======== DATA FOR THIS EXERCISE
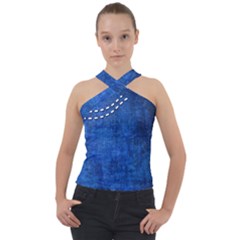 Background-jeans  Cross Neck Velour Top by nateshop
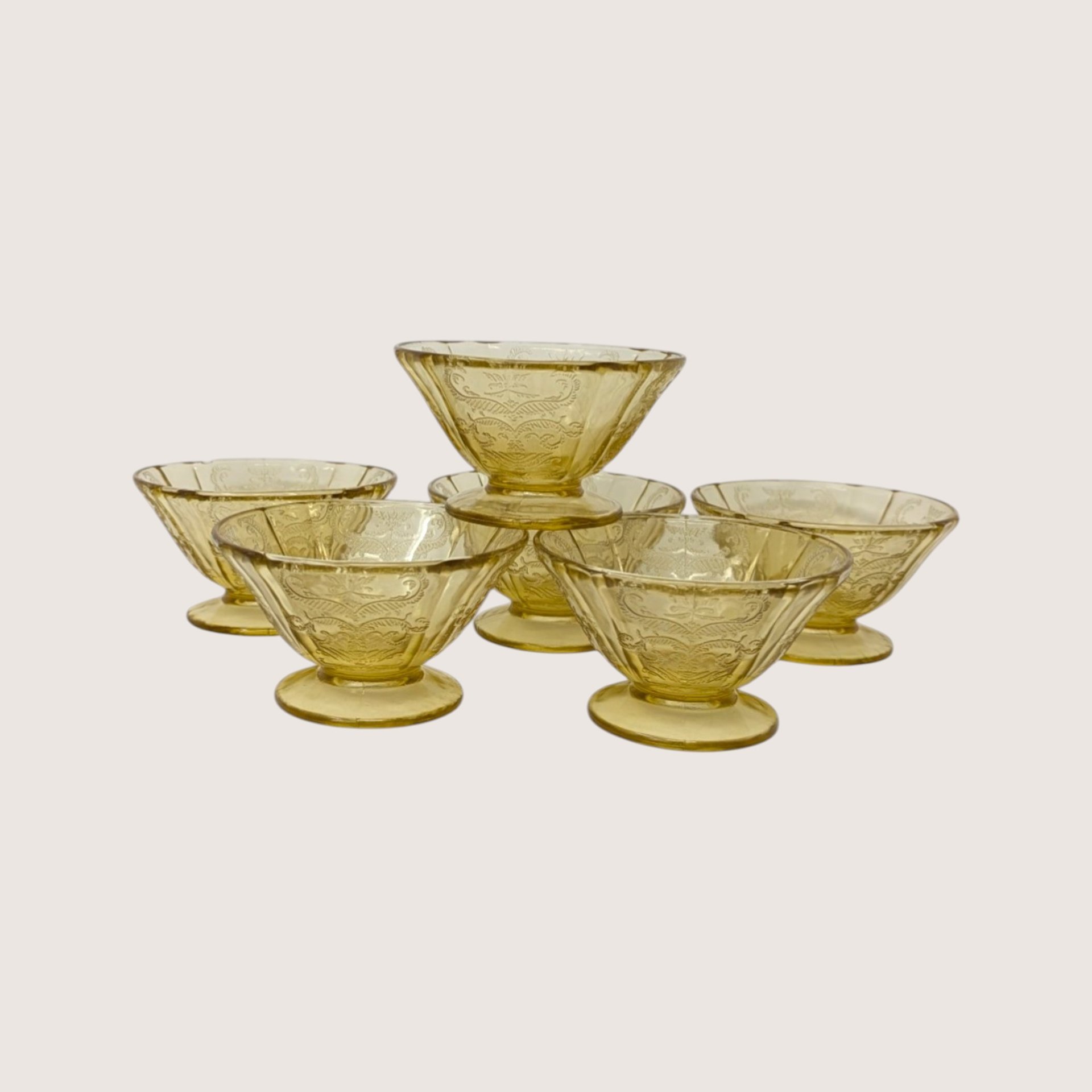 1930s Federal Glass Madrid Pattern Sherbet Cups Set of 6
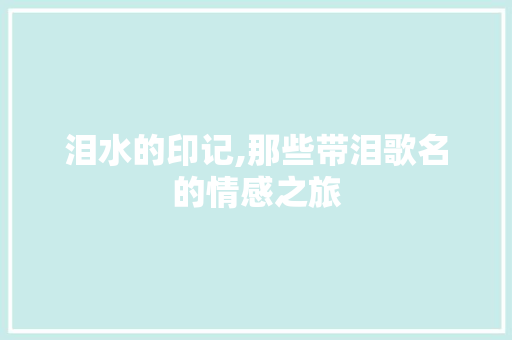 泪水的印记,那些带泪歌名的情感之旅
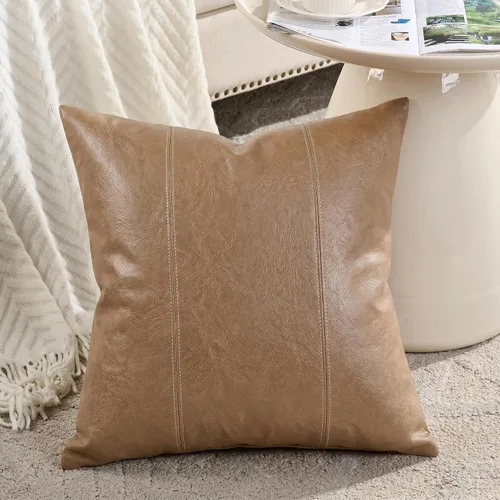 Vista 11 de Fancy Homi - Paquete de 2 fundas de almohada decorativas negras estilo boho de cuero sintético de 16 x 16 pulgadas para sala de estar, sofá, cama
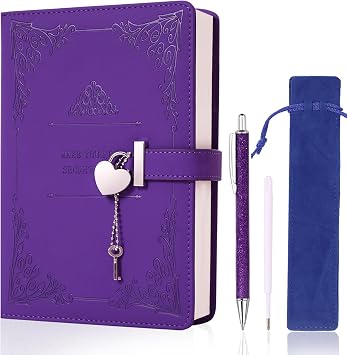 Heart-Shaped Lock Diary with Pen,A5 Size Soft PU Leather Locking Journal Personal Planner Writing Notebook Secret Notebook Gift for Adults,Kids,Writers Girls&Women.Purple.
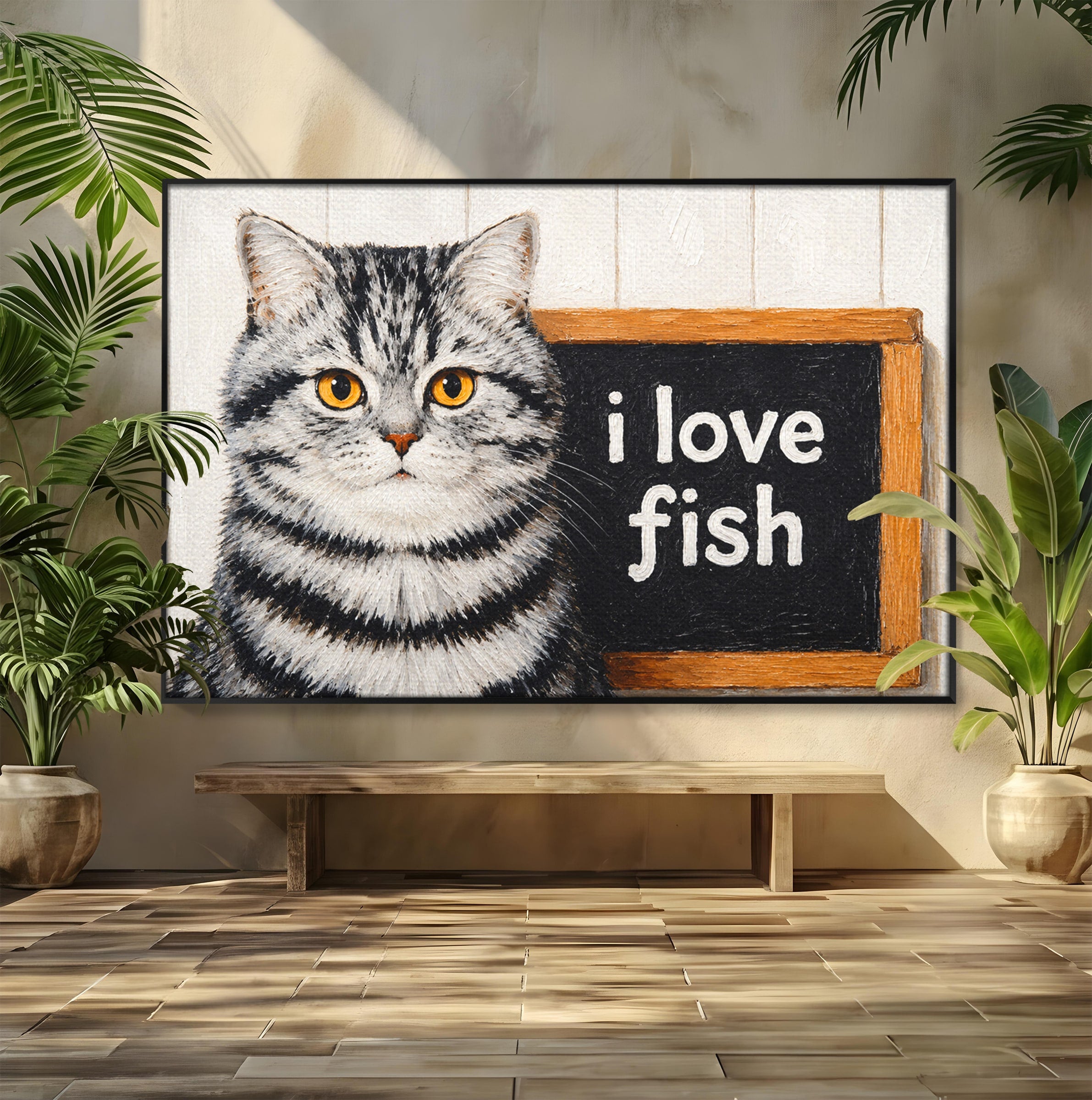 Tablou Canvas Premium LuxCanva® M1577, Micul Gurmand, Pisica, Mesaj, Animale, Living, Birou, Culori Vibrante
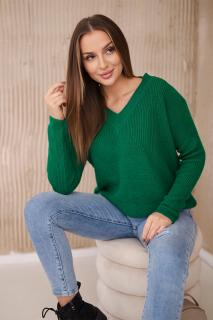 Dámsky sveter s V výstrihom - zelená
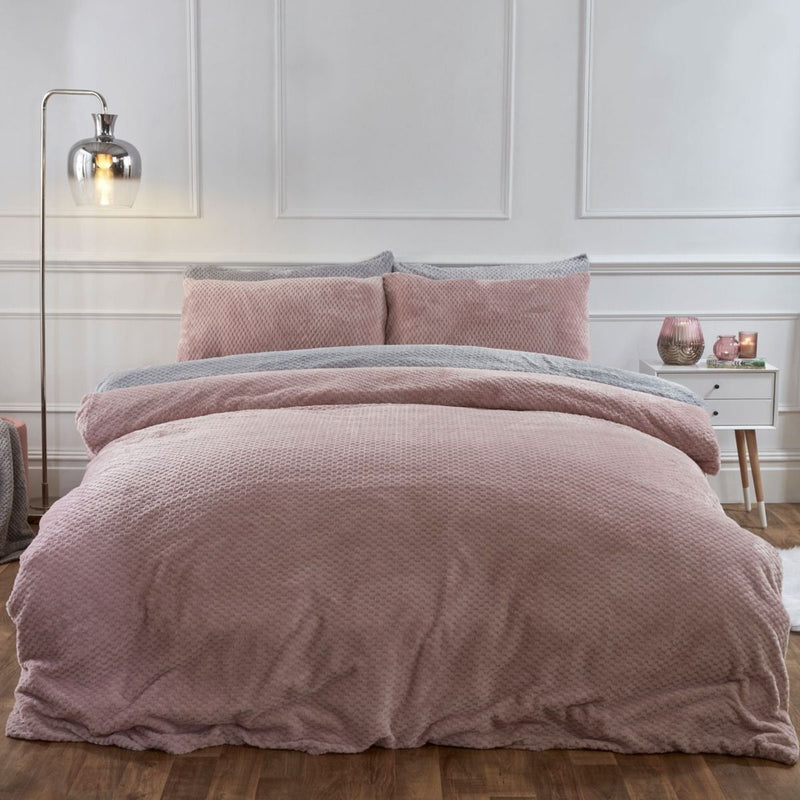 Brentfords Waffle Fleece Blush Pink Duvet Set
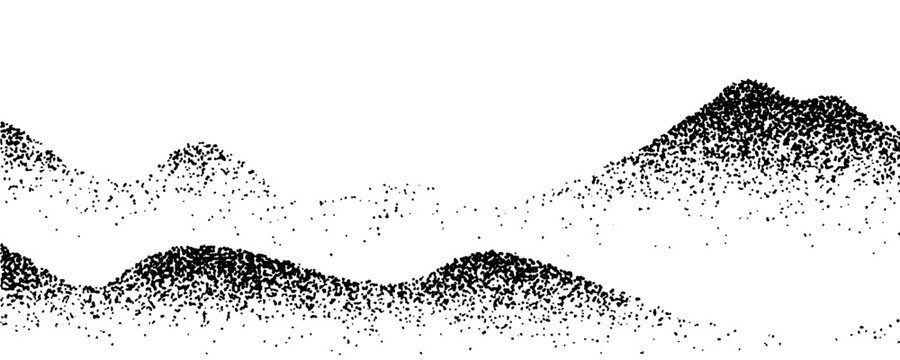 Dotwork mountain pattern vector background. Black noise stipple dots. Sand grain effect. Dots grunge banner. Abstract noise dotwork pattern.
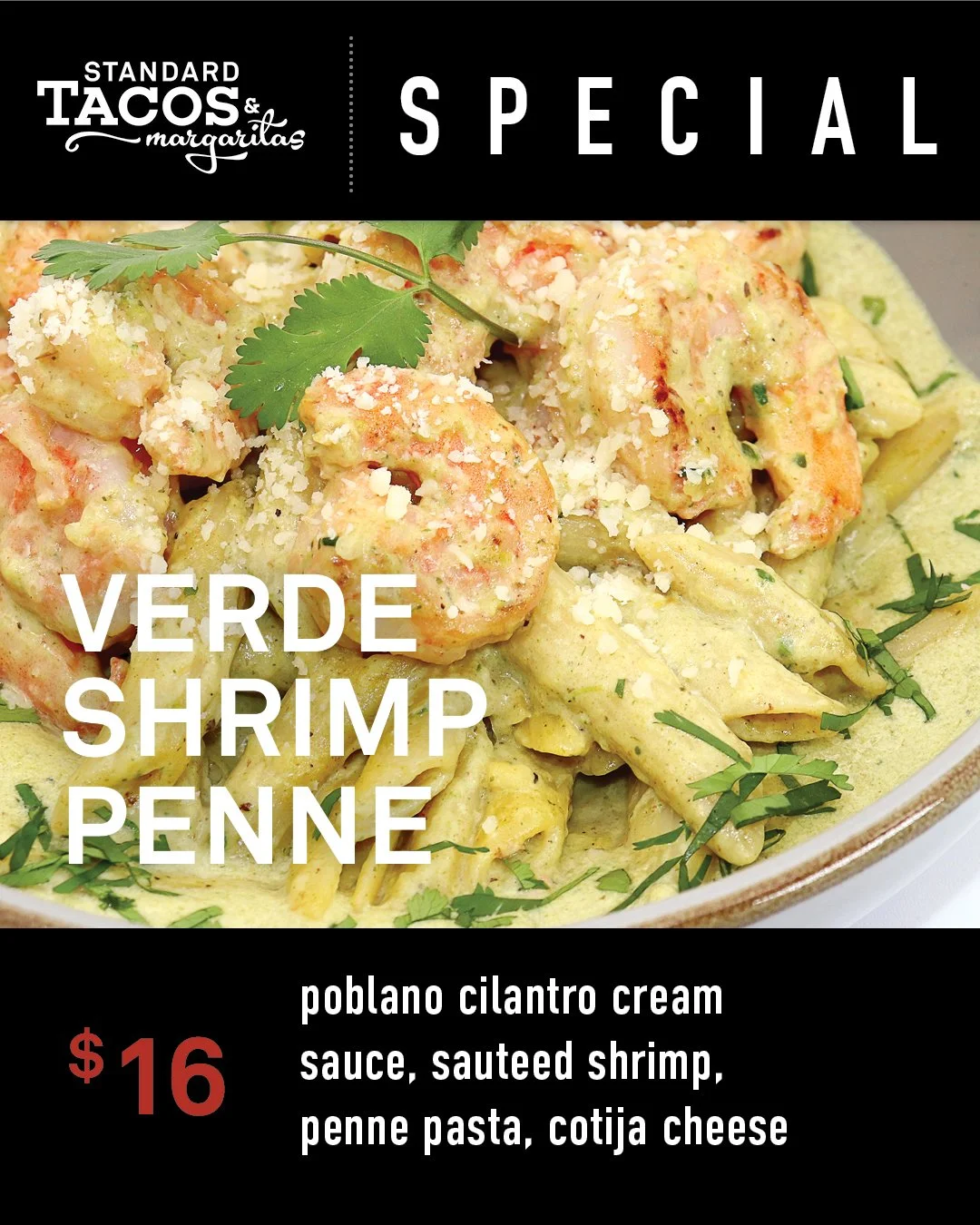 ✨ New Food Specials for February 25 - March 10

🦐 Verde Shrimp Penne | $16
🐟 Codwich | $22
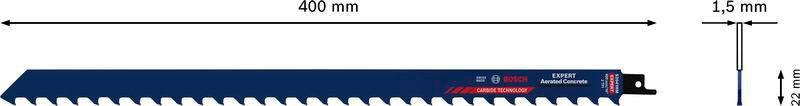 Bosch Säbelsägeblatt Expert Aerated Concrete S-Schaft 225 mm für Porenbeton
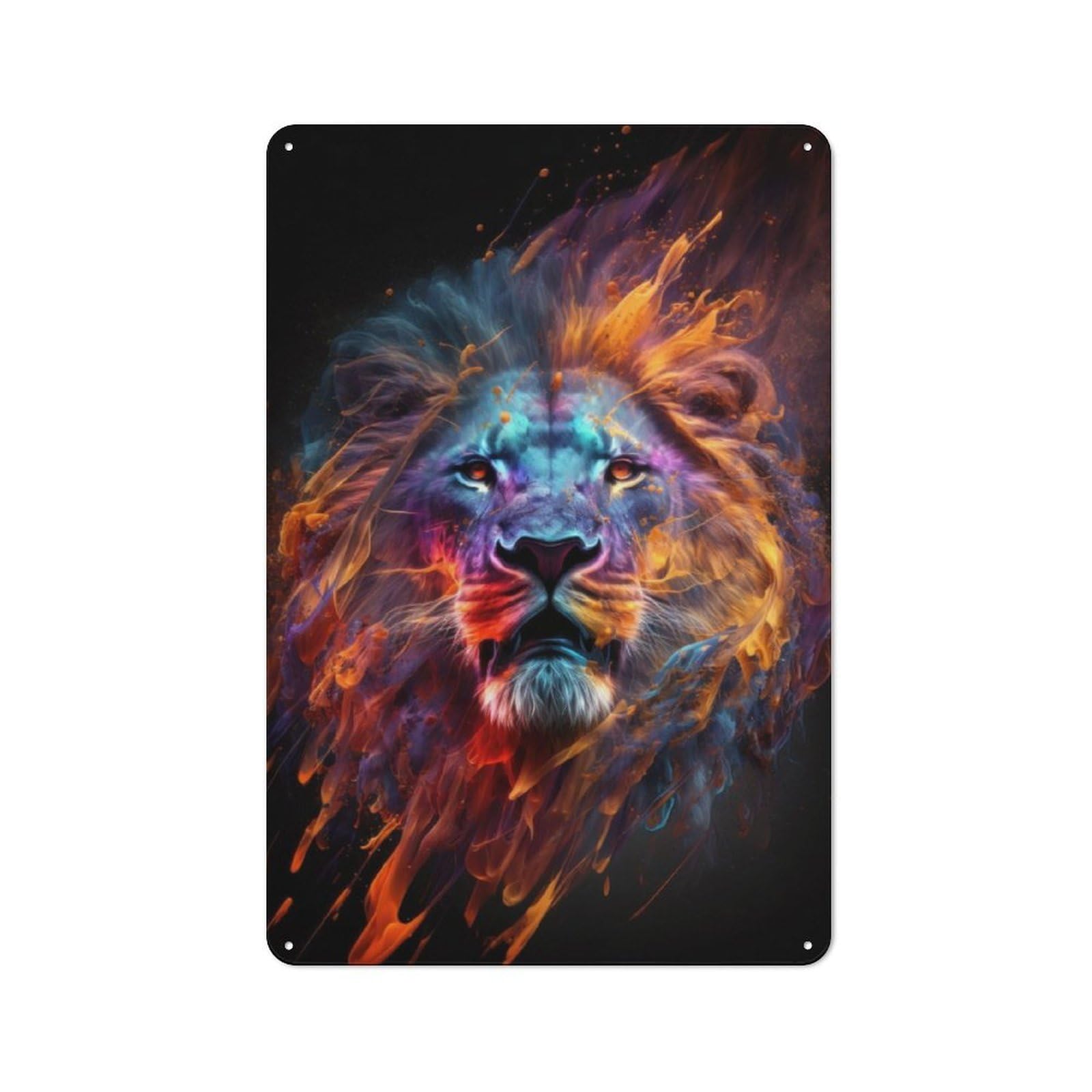 30x20cm Rustic Metal Sign with Lion Graffiti Colors for Guest Room Or Hallway, for Vintage Wall Decor Fans, for Metal Sign Collectors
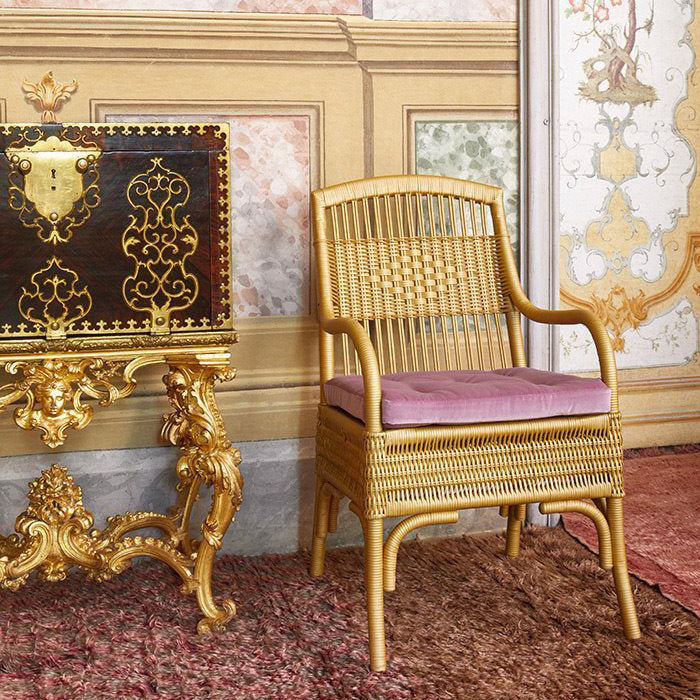 Elle Dining Chair (With Arms)-Bonacina 1889-moderndesign.io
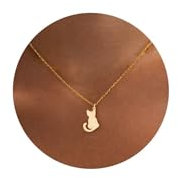 SIXDUTON Halskette Damen Edelstahl Kette mit Anhänger, Hypoallergene 18K Vergoldete Einstellbare Kette Modeschmuck Geschenk für Frauen und Mädchen (Katze)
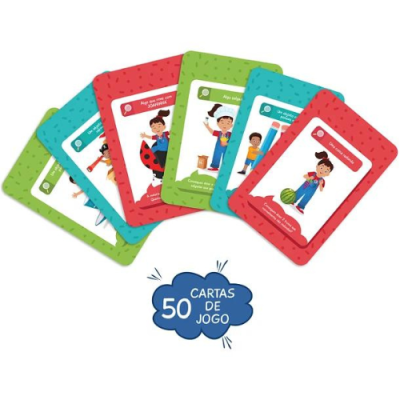 Cartas de jogo ilustradas com crianças e texto em português, 50 cartas coloridas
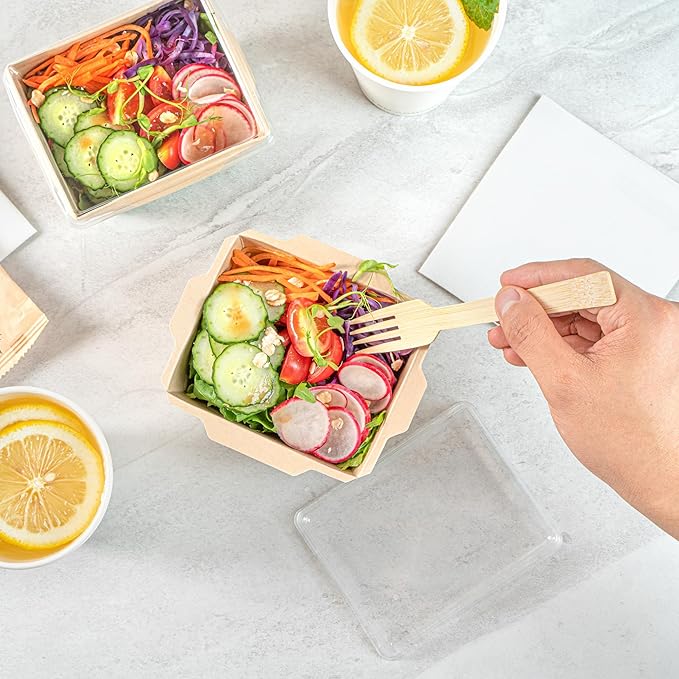 Restaurantware-Sustain 17 Ounce Sturdy Paper Take Out Boxes, 50 Disposable Take Out Food Containers - With PLA lining, Lids Sold Separately, Bamboo Paper Containers, Compostable, Click-Lock Design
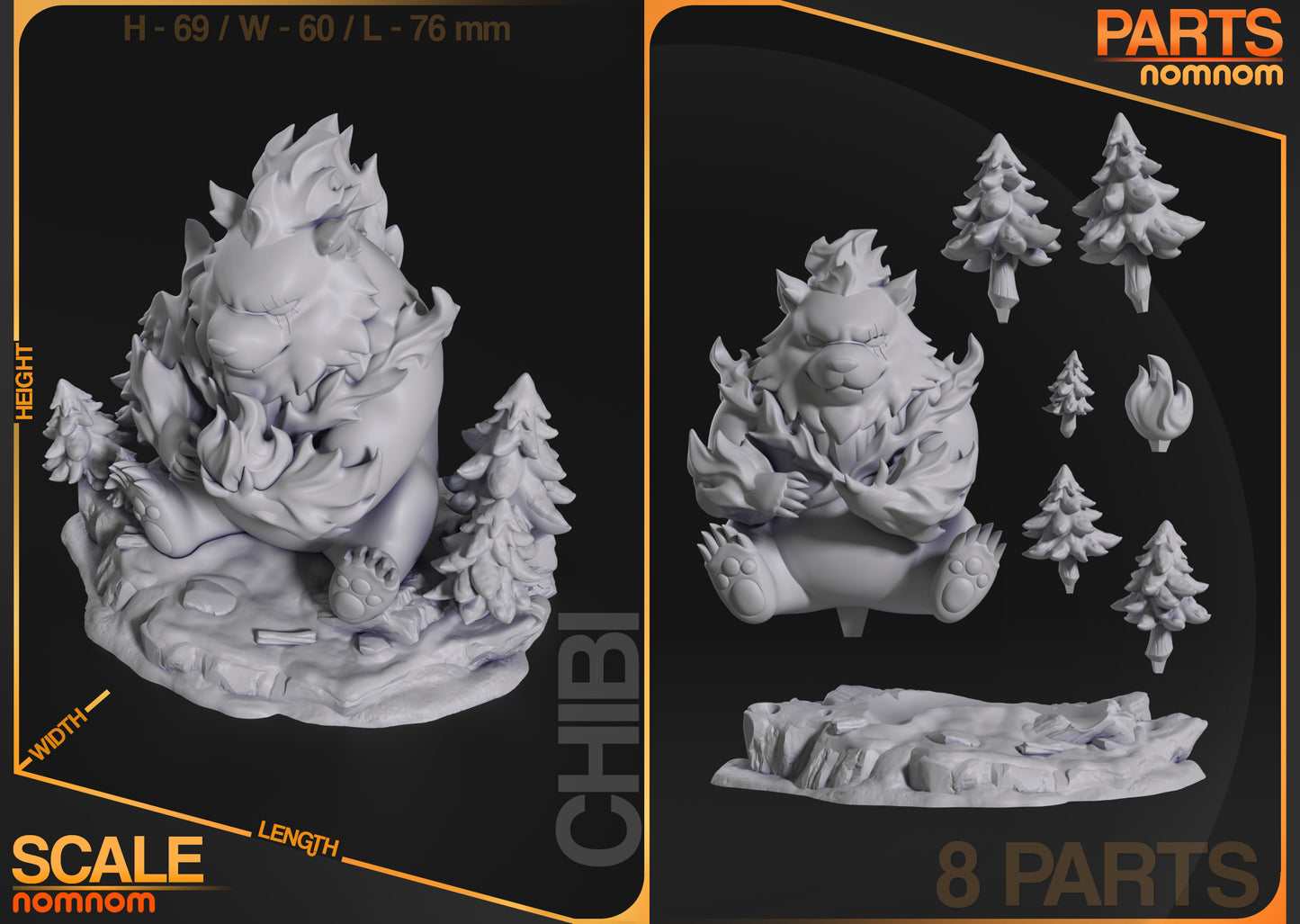 Shadow Snow Bear Summon - 3d Resin Printed Garage Kit - Unassembled, Unpainted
================
### [TASK ITEM]
Retype only the lines above from the one with "Dotwork mountain pattern" through the one with "Cartas de jogo", exactly and with both ends. Images stay out.

### [ANSWER BELOW]
 Dotwork mountain pattern vector background. Black noise stipple dots. Sand grain effect. Dots grunge banner. Abstract noise dotwork pattern.
 ✨ New Food Specials for February 25 - March 10

🦐 Verde Shrimp Penne | $16
🐟 Codwich | $22
 Bosch Säbelsägeblatt Expert Aerated Concrete S-Schaft 225 mm für Porenbeton
 30x20cm Rustic Metal Sign with Lion Graffiti Colors for Guest Room Or Hallway, for Vintage Wall Decor Fans, for Metal Sign Collectors
 Elle Dining Chair (With Arms)-Bonacina 1889-moderndesign.io
 SIXDUTON Halskette Damen Edelstahl Kette mit Anhänger, Hypoallergene 18K Vergoldete Einstellbare Kette Modeschmuck Geschenk für Frauen und Mädchen (Katze)
 Cartas de jogo ilustradas com crianças e texto em português, 50 cartas coloridas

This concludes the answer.